Um my PC broke for a while.. looks like I've a lot to answer.
@changsho:
Find two linearly independent power series solutions for the following differential equation about the ordinary point x=0
y''-xy'-(x+2)y=0
Basically you're searching for a function that looks like y=sum of an.x^n, n>=0
when you write that,
y''=sum of (n+2)(n+1).a(n+2).x^n, n>=0
xy'=sum of n.an.x^n, n>=1
xy=sum of a(n-1).x^n, n>=1
and 2y=sum of 2.an.x^n, n>=0.
So you're trying to find the numbers (an),n>=0 such that :
2.a2-2.a0=0, which means a2=a0,
and for n>=1, (n+2)(n+1).a(n+2)-(n+2).an-a(n-1)=0,
so a(n+2)=an/(n+1) + a(n-1)/(n+1)(n+2).
So 2 linearly independant solutions are the one with a0=0 and a1=1 and the one with a0=1 and a1=0, and then just hope that you don't need to get explicit terms.
@Mennen728:
A motorcycle cop is parked on the side of a highway reading a magazine when a woman driving a Ferrari passes him at 25 m/s. After a few attempts to get his motorcycle started the officer roars of 2 seconds later. At what average rate must he accelerate if 30.5 m/s is his top speed and he is going to catch her just at the state line 2000 meters away.
This one is not too difficuly.
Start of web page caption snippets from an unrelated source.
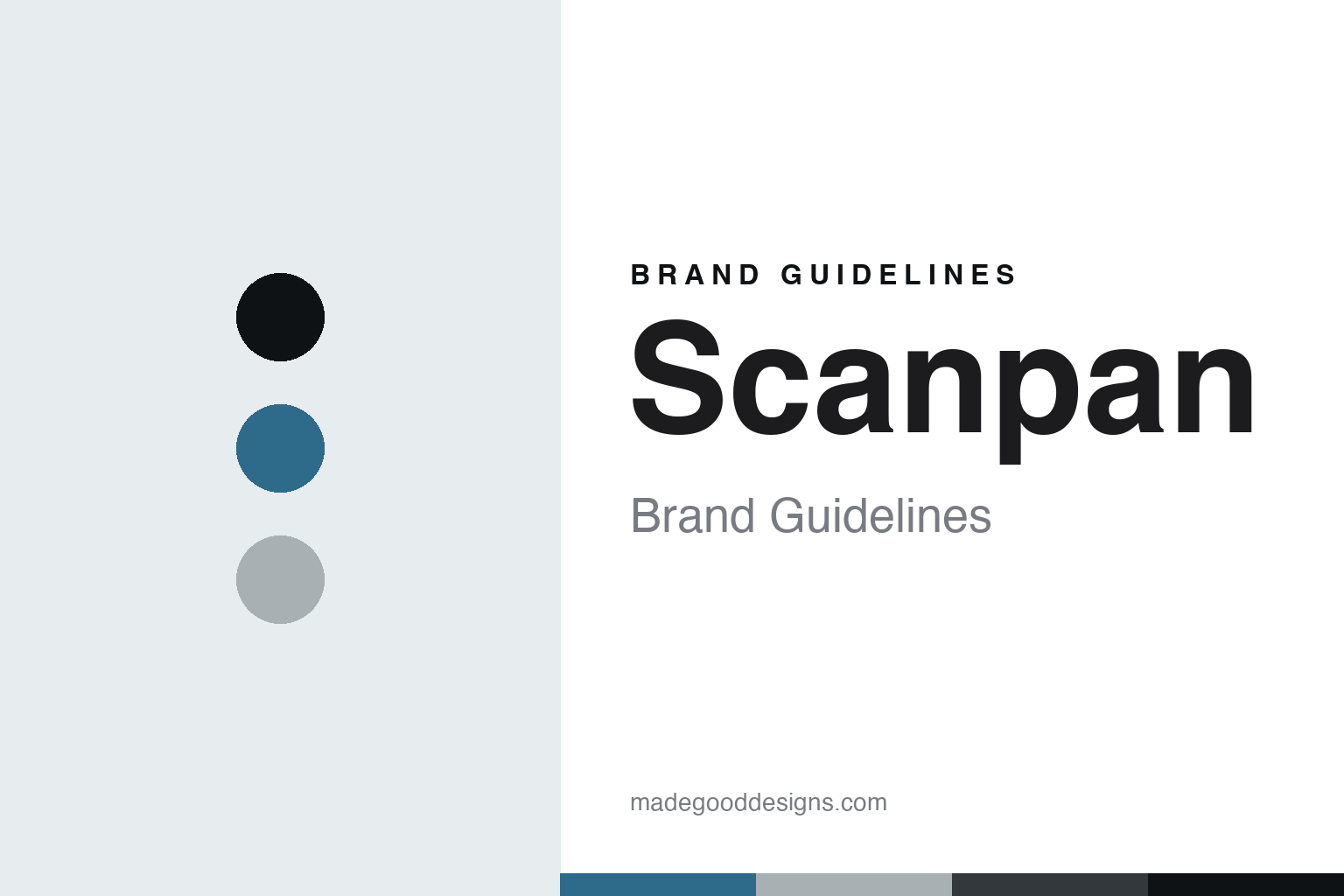 Abstract Danish-blue and aluminium cover for a Scanpan brand guidelines design article (colour discs, not a pan)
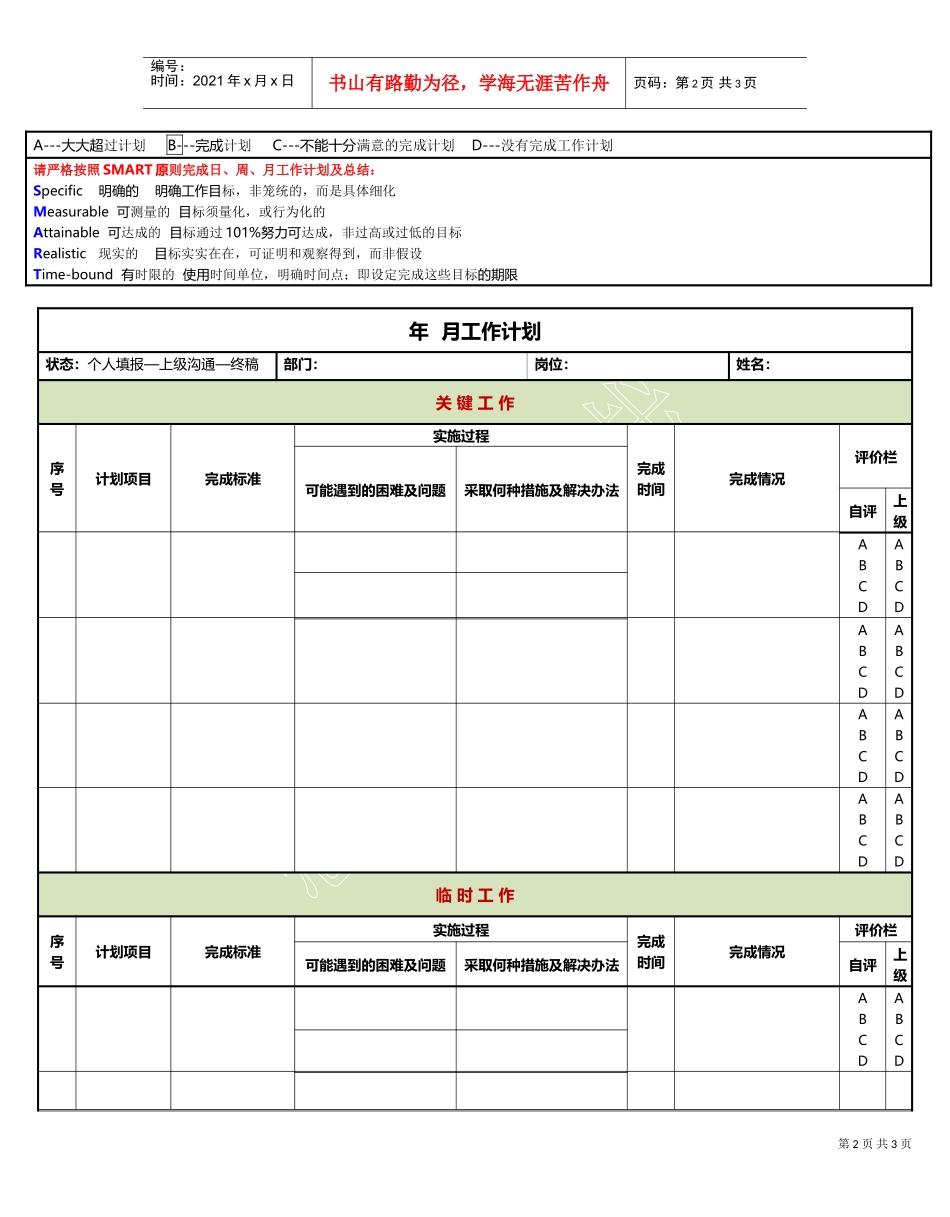 工作计划及工作总结表格模版、(DOC4页)_第2页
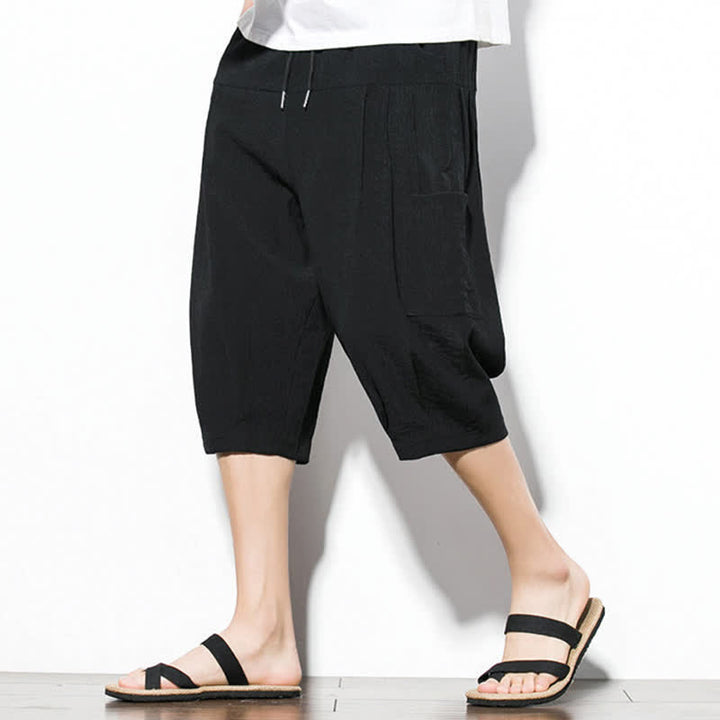 Buddha Stones Summer Casual Minimalist Drawstring Solid Men's Cropped Pants With Pocket - Black - US/UK/AU46, EU56 (5XL) - image 8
Say Vf = speed of the ferrari, Vc = max speed of cop, t= 2s,the delay before the cop starts, and a = cop acceleration.
First, we need to know the distance between the cop and the ferrari after the acceleration phase.
That phase lasts for T1=Vc/a, the Ferrari will have travelled for T1.Vf=Vf.Vc/a during that time, and the cop for 1/2.(a.T1²)=1/2.Vc²/a
The distance between the 2 after that phase is D=Vf.(t+T1)-1/2.Vc²/a
So D=1/a.[Vf.Vc-1/2.Vc²] + Vf.t
From that point, they travel at constant speed, so the cop meets the Ferrari after the time T2=D/(Vc-Vf) = 1/a.(things) + (things)
The goal is to stop the ferrari at the distance L=2000 m.
By the moment they meet they'll have travelled by (t+T1+T2).Vf
So L=(t+T1+T2).Vf = … = 1/a.(things) + (things)
So by putting all these equations together, you eventually get an affine equation on a, which is very simple to solve.
@Ral:
2.) At a certain location, the horizontal component of the earth's magnetic field is 2.5 x 10^-3 T, due north. A proton moves eastward with just the right speed, so the magnetic force on it balances its weight. Find the speed of the proton.
It's very basic. Take formulas that give the amplitude of the weight and the magnetic force : P = m.g and FLorentz = B.speed.(some constant which I don't remember but that you should have somewhere)
Say that these are equal, and solve : speed = m.g/(B.(…)
sanji37, are you serious ? Take a calculator and do the operations =/.